Celebrate black history with events throughout the month at Pitt

By DONOVAN HARRELL

Pitt is kicking off Black History Month with a variety of events honoring the contributions of people of African descent to the nation.

One of the first was the K. Leroy Irvis Black History Month Program, a free celebration at the August Wilson Center on Feb. 5 featuring actress, playwright and journalist Anna Deavere Smith.

Smith, known for her one-woman shows, performed monologues of several interviews with several influential African-Americans, including civil rights icon John Lewis and Equal Justice Initiative founder Bryan Stevenson.

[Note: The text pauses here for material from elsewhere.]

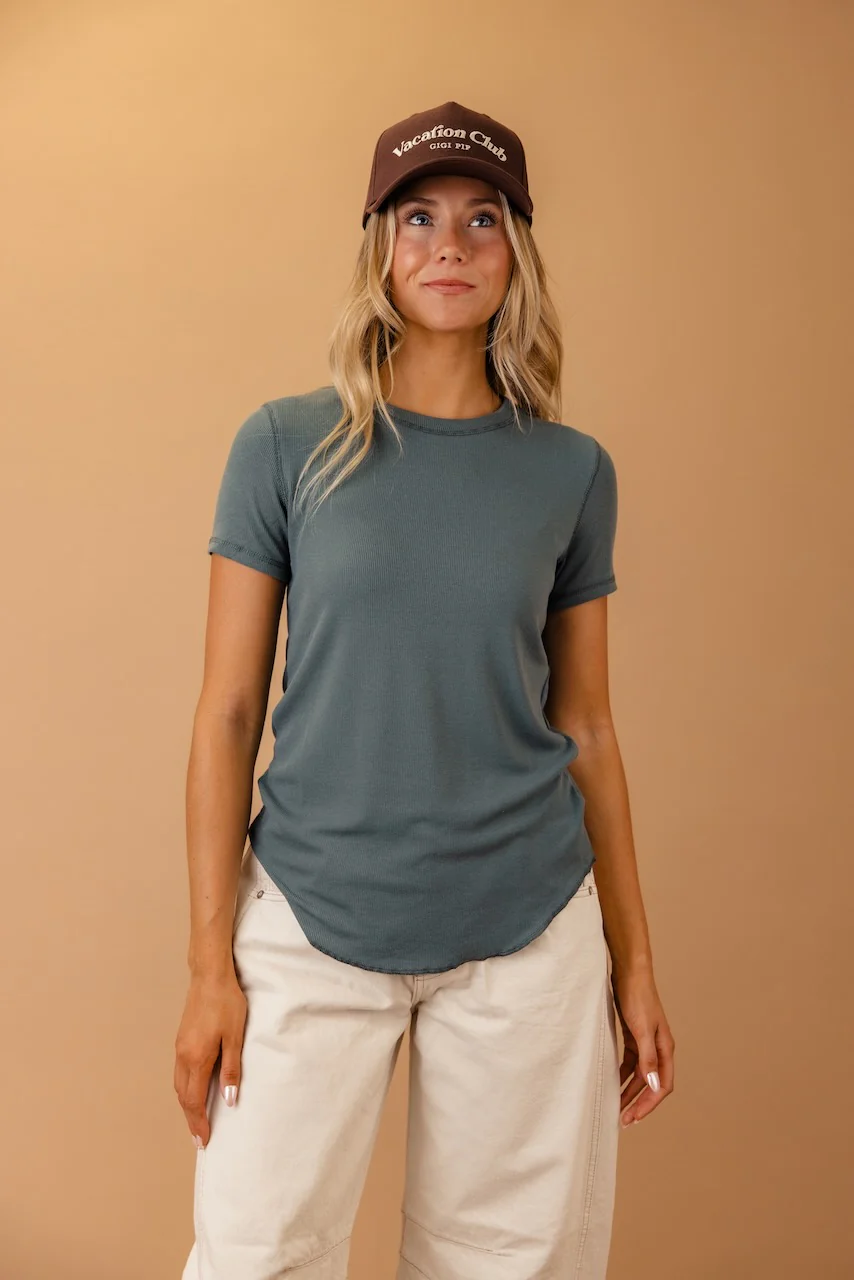 Sadie Solid Tee - Image 19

The theme for this year is “Black Migrations,” according to the Office of Diversity and Inclusion. This theme explores the worldwide migration patterns of people of African descent.

The Association for the Study of African American Life and History — the founding organization of Black History Month — further describes the complexity and scope of these migrations.

“The theme Black Migrations equally lends itself to the exploration of the century’s later decades from spatial and social perspectives, with attention to ‘new’ African Americans because of the burgeoning African and Caribbean population in the US,” the ASALAH website reads. “Northern African Americans’ return to the South; racial suburbanization; inner-city hyperghettoization; health and environment; civil rights and protest activism; electoral politics; mass incarceration; and dynamic cultural production.”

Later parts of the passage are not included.